Niemcy powiedzieli mi, że mąż pracował w konspiracji – był wywiadowcą – i został aresztowany na rozkaz gubernatora Ludwiga Fischera. Sprzątaczka Irena Dziewanowska przy sprzątaniu usłyszała, jak Niemcy czytali po polsku karty z nazwiskami Polaków, wśród których na pierwszym miejscu figurowało nazwisko mego męża. Powiedziała mi to przy końcu lutego 1944.
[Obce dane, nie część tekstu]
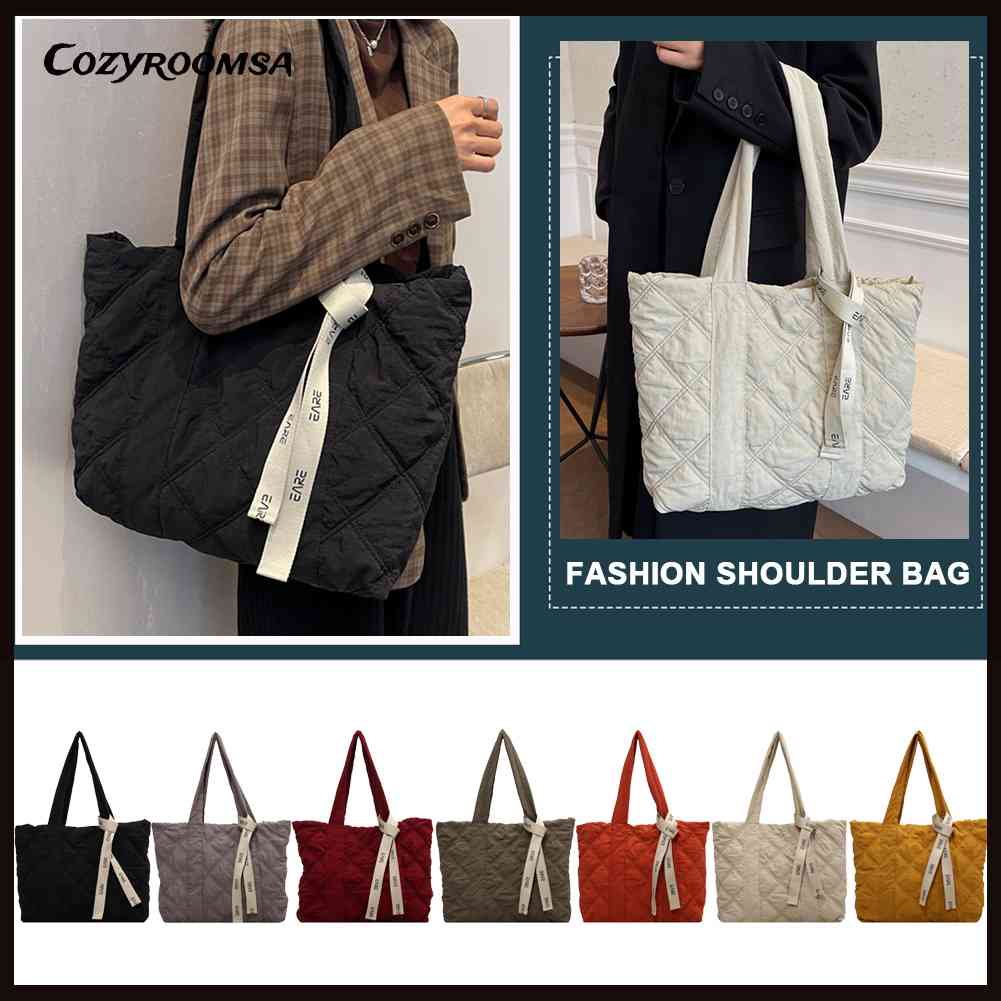 Túi Tote Đeo Vai Cỡ Lớn Chất Liệu Nylon Họa Tiết Sọc Caro Phong Cách Cổ Điển Thời Trang Cho Nữ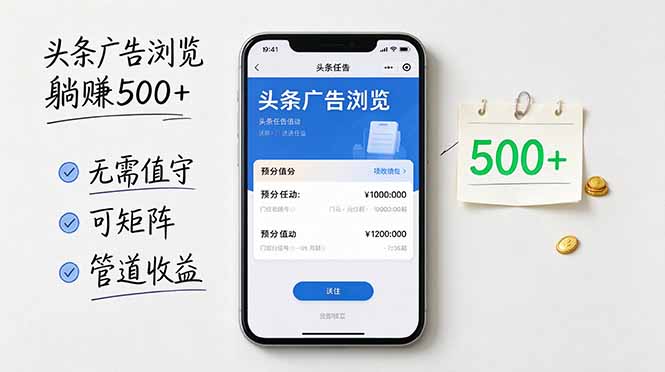 头条广告浏览躺赚500+无需值守，可矩阵并附有管道收益-续财库
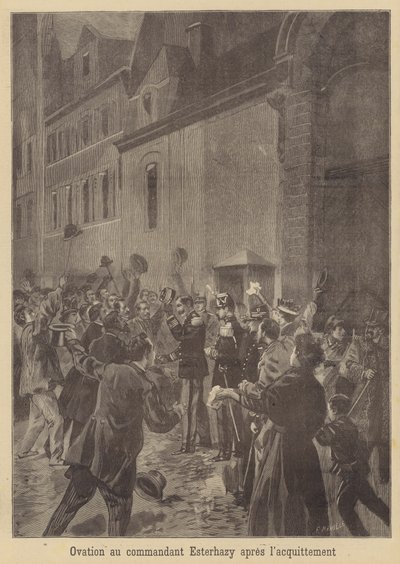 Ovation voor majoor Esterhazy na zijn vrijspraak door Fortune Louis Meaulle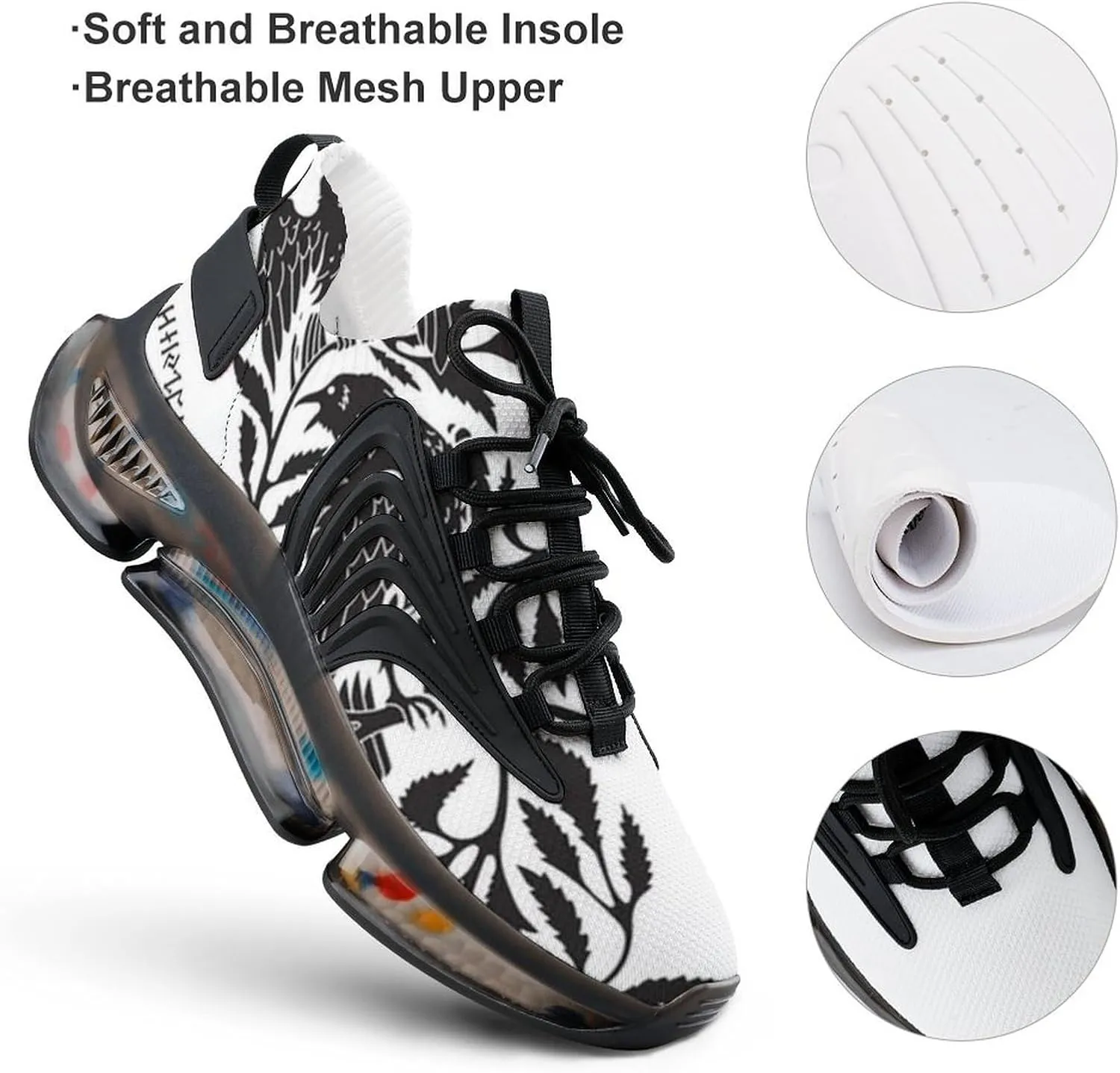 Men's Trail Running Sports Shoes, Fashion Breathable 3D Tattoo Printing Walking Excursion Sneakers, Non Slip Gym Work Trainers Footwear Athletic Trekking
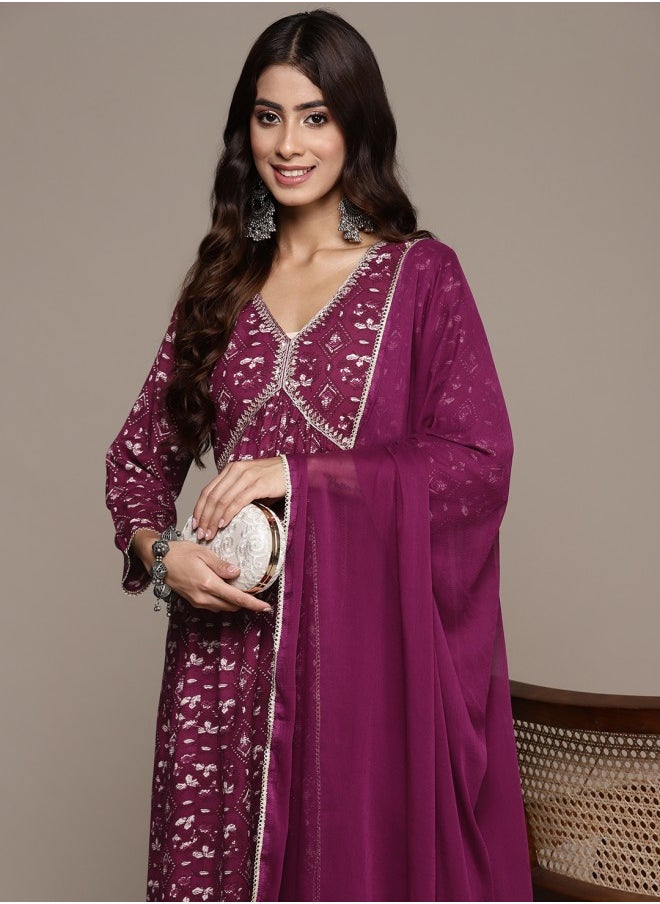 ISHIN Women's Mauve 100% Cotton Printed A-Line Kurta Set  - Image 1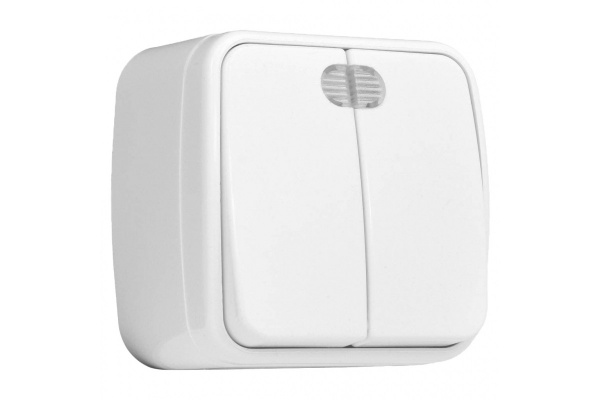 Выключатель 2ОП EKF Минск 10А белый, с индикатором EGV10-123-10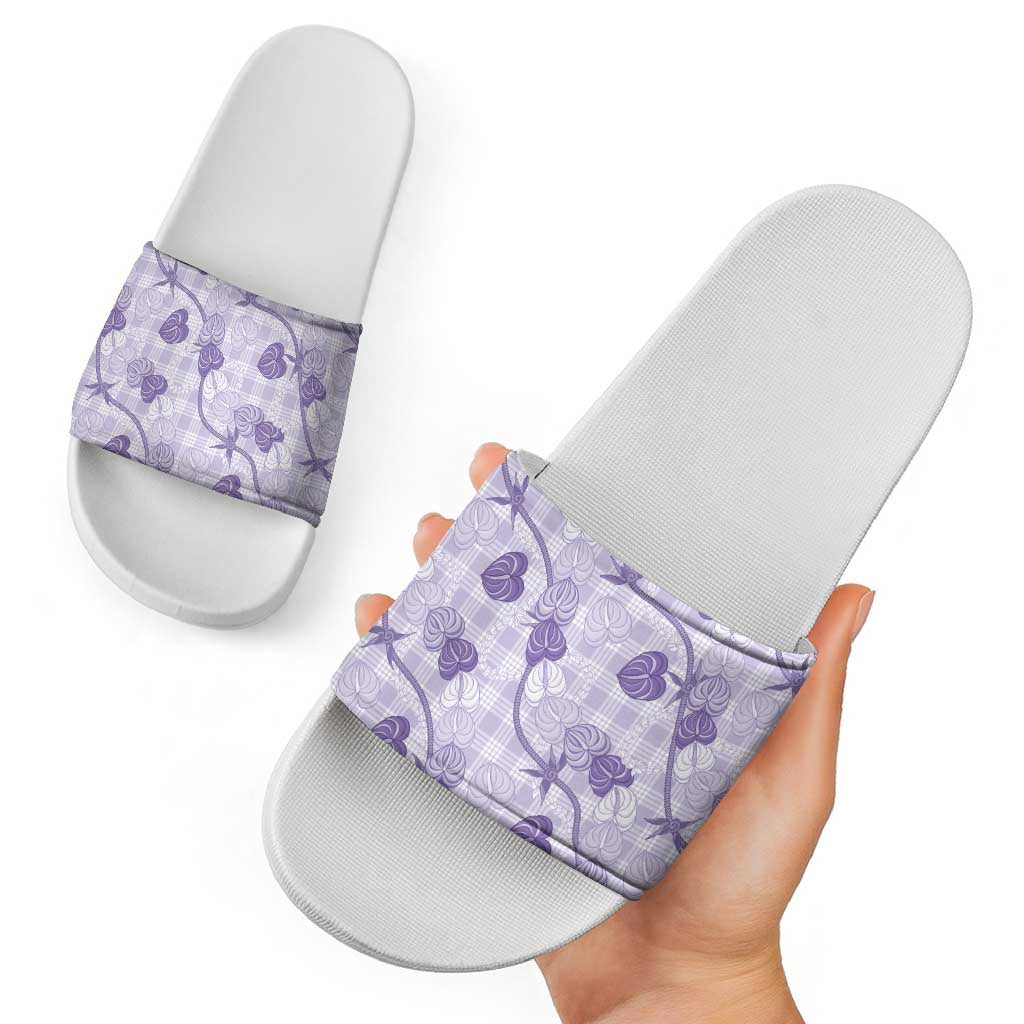Anthurium Pikake Ti Leaf Palaka Slide Sandals Purple Version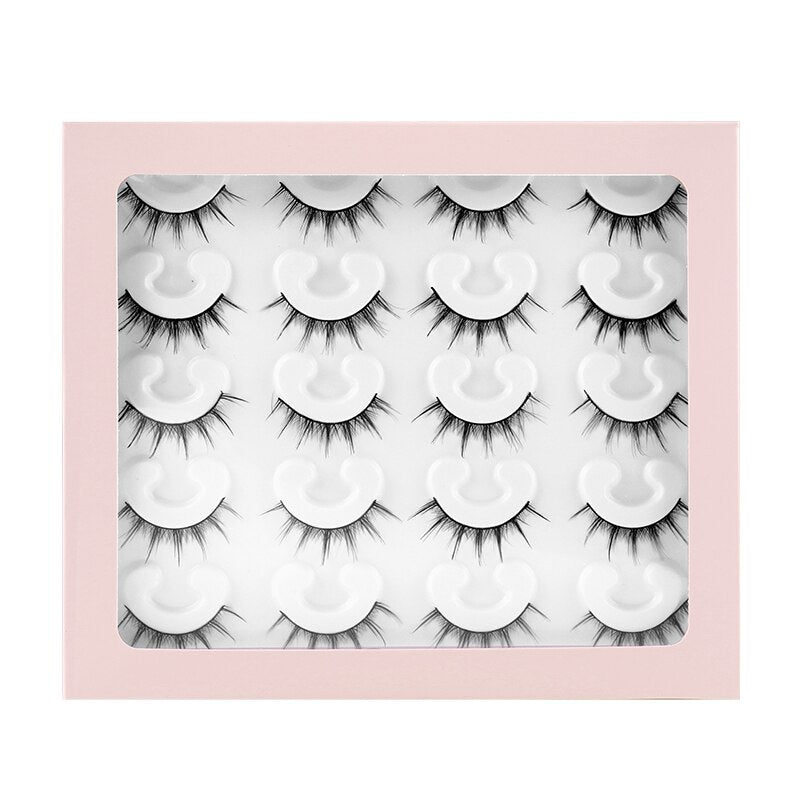 Lashes Natural Cat Eye Look black False Eyelashes Wispy Lashes Fluffy 3D Faux Mink Eyelashes Fake Eyelashes 10Pairs Pack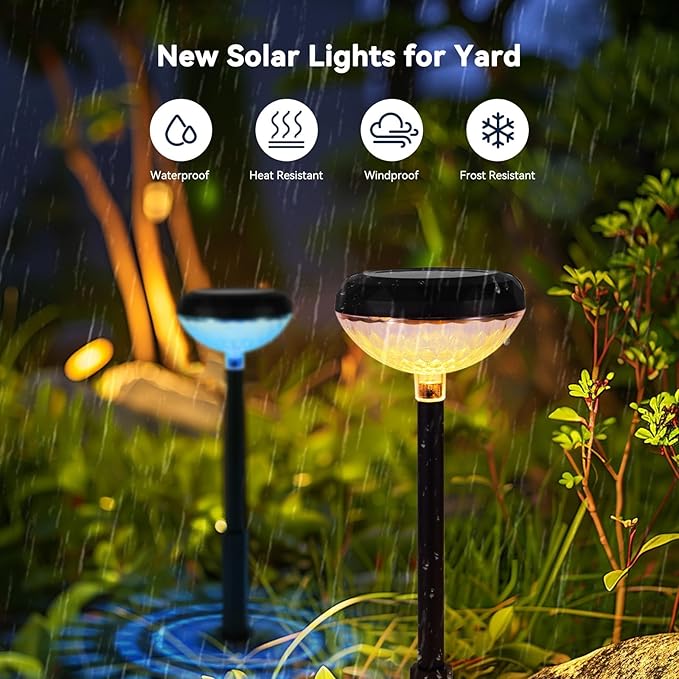Solar Pathway Lights Outdoor Waterproof: 8 Pack LED Yard Light RGB Landscape Lighting - Color Changing Path Walkway Lights Solar Powered Garden Decor for Outside Patio Decorations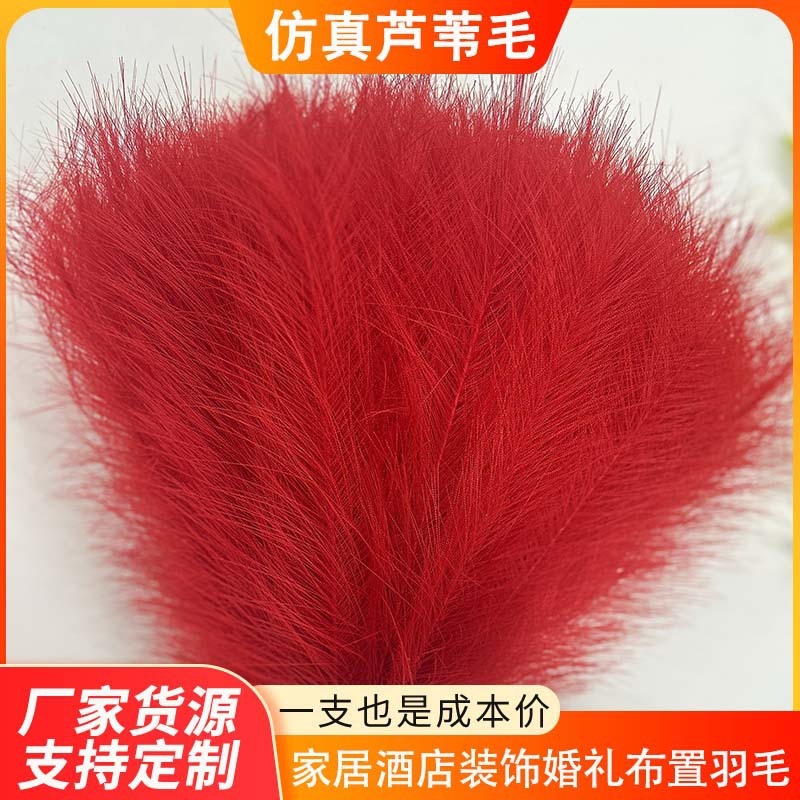 43cm Artificial Reed Feathers for Home Decoration, Single-Prong Feathers, Artificial Pampas Reed Feathers, in Stock, Factory Direct Supply for Cross-Border Trade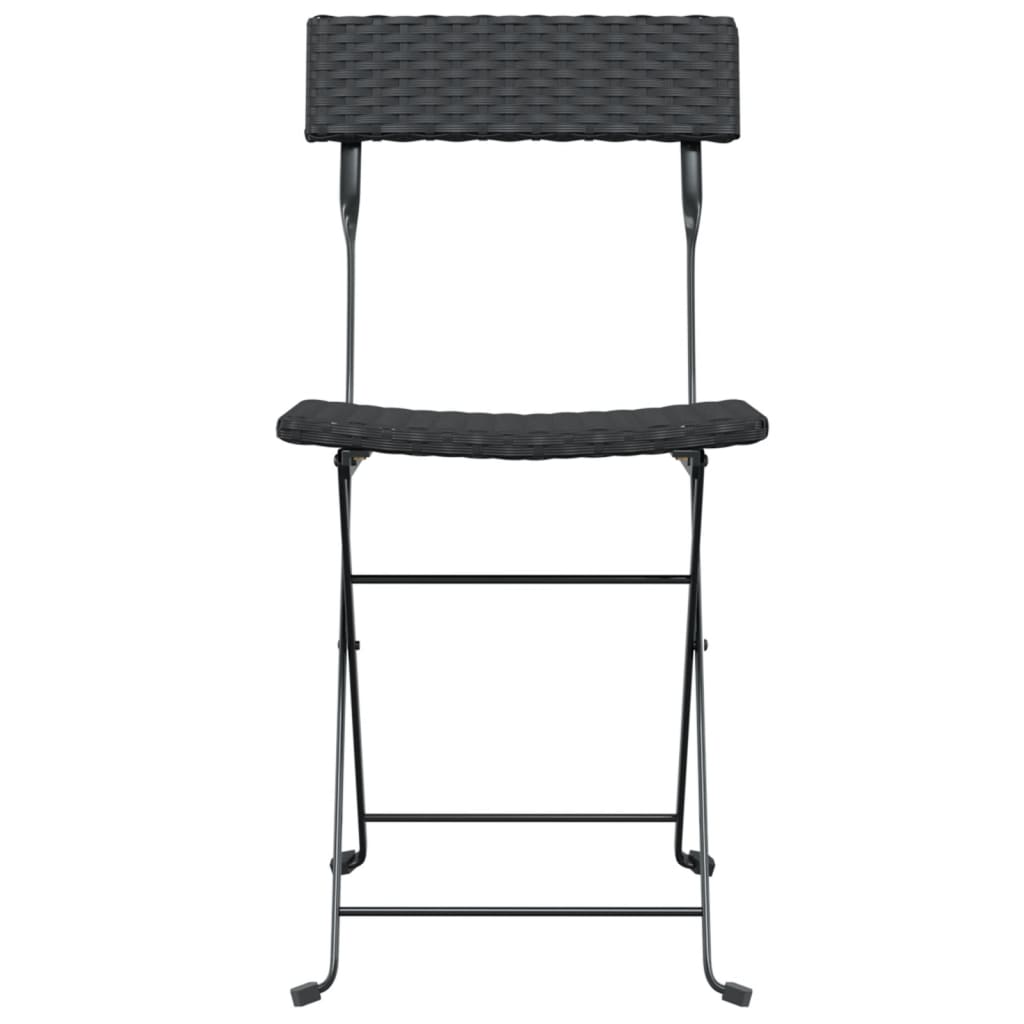 vidaXL Bistrostühle 8 Stk. Klappbar Schwarz Poly Rattan und Stahl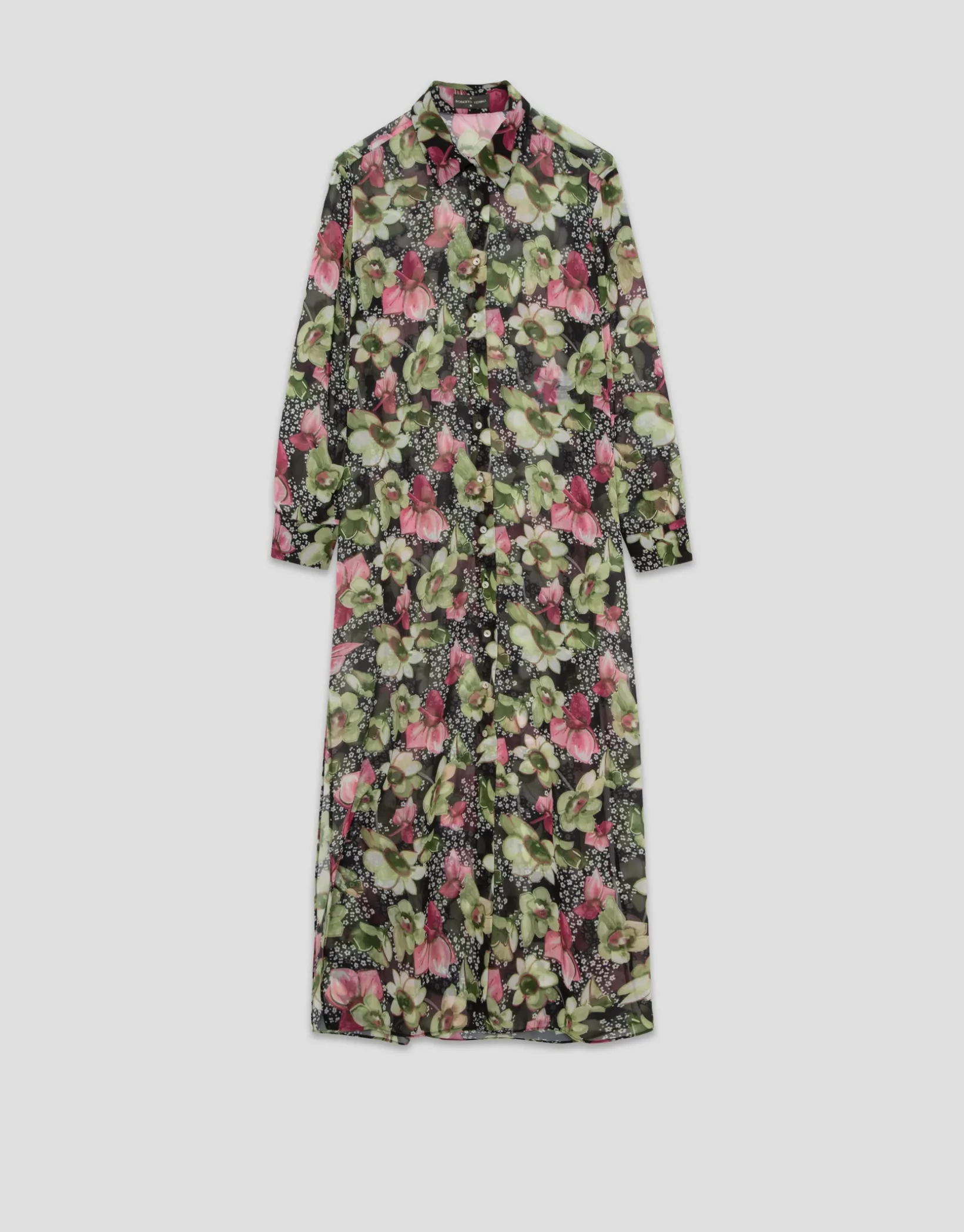 Vestido camisero midi manga larga crepe georgette estampado floral verde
Niemiec, urzędnik nazwiskiem Tron, zwracał się do Fischera, by zwolnił męża, bo potrzebny był do pracy i nie było go kim zastąpić. Fischer powiedział, że sprawę przejęło gestapo i on nic nie ma do powiedzenia obecnie.
Mąż był na Pawiaku. Paczkę dla niego przyjęli ode mnie 28 marca. Więcej paczek ode mnie nie przyjęli i wszelki ślad po mężu mym zaginął.
29 marca 1944 był plakat oznajmiający o rozstrzelaniu 80 osób bez podania nazwisk.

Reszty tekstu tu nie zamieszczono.